Workflows with use_previous_directory set to True or a list of filenames MUST provide either a previous_directory parameter or a database object from a previous calculation as the structure parameter.

workflow.run(previous_directory="path/to/my/folder")

status = setup_workflow.run()
previous_result = status.result()

workflow.run(structure=previous_result)

Tip

File copying/passing should be used for large files and data chunks.
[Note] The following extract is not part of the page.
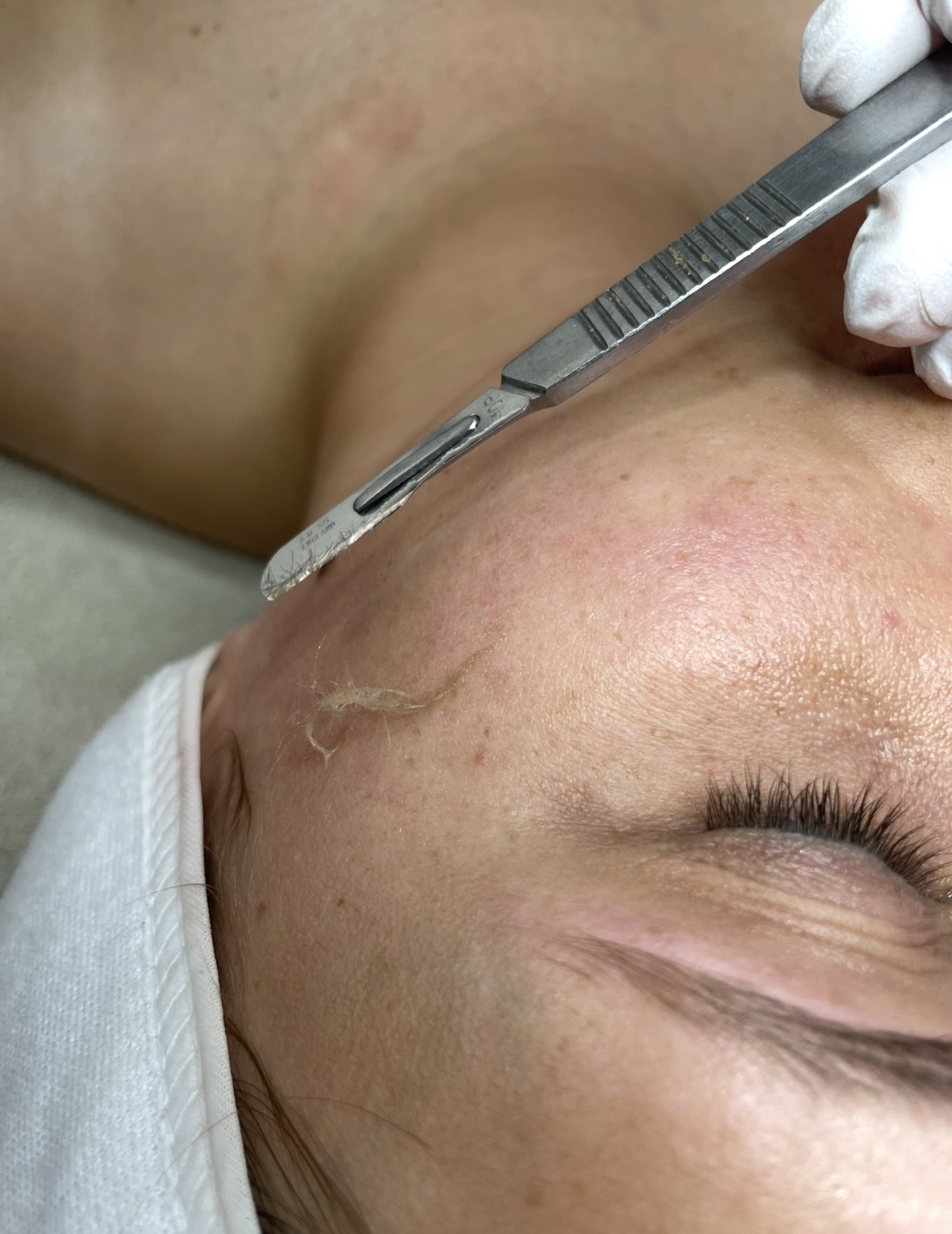 Dermaplanning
Small data pieces should be passed between workflows using Python objects and the database.

Submitting Parallel Workflows¶

For situations where you don't want to wait for each workflow run to finish or need to submit hundreds of independent workflow runs, use the run_cloud command instead of run.

from simmate.workflows.utilities import get_workflow
from simmate.workflows import Workflow

class Example__Python__MyFavoriteSettings(Workflow):

    use_database = False

    @staticmethod
    def run_config(structure, **kwargs):

        another_workflow = get_workflow("static-energy.vasp.mit")

        submitted_states = []

        for n in range(10):
            structure.perturb(0.05)

            state = another_workflow.run_cloud(structure=structure)

            submitted_states.append(state)

        results = [state.result() for state in submitted_states]

        for result in results:
            print(result.energy_per_atom)

Danger

Do NOT share a working directory when using run_cloud. This can lead to problems when resources are distributed across different computers and file systems. Refer to github #237 for more information.

Tip

The state.result() call to wait for each result is optional. You can even have a workflow that just submits runs and then shuts down without ever waiting on the results.